● Records shown
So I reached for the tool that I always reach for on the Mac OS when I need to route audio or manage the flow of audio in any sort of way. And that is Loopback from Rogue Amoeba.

--

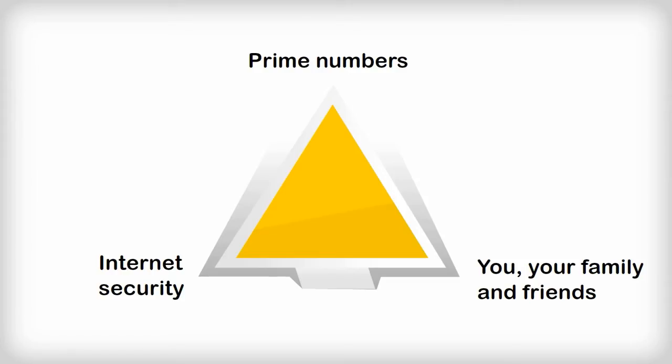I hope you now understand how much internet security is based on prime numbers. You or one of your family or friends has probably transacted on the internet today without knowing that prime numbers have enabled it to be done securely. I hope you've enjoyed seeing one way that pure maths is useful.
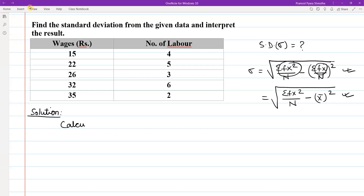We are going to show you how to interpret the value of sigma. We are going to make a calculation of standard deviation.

● Your task
Above, find the line holding "I hope you now" and the line holding "We are going to show". Print exactly those two lines and every line between them, but no pictures.

● Written response
I hope you now understand how much internet security is based on prime numbers. You or one of your family or friends has probably transacted on the internet today without knowing that prime numbers have enabled it to be done securely. I hope you've enjoyed seeing one way that pure maths is useful.
We are going to show you how to interpret the value of sigma. We are going to make a calculation of standard deviation.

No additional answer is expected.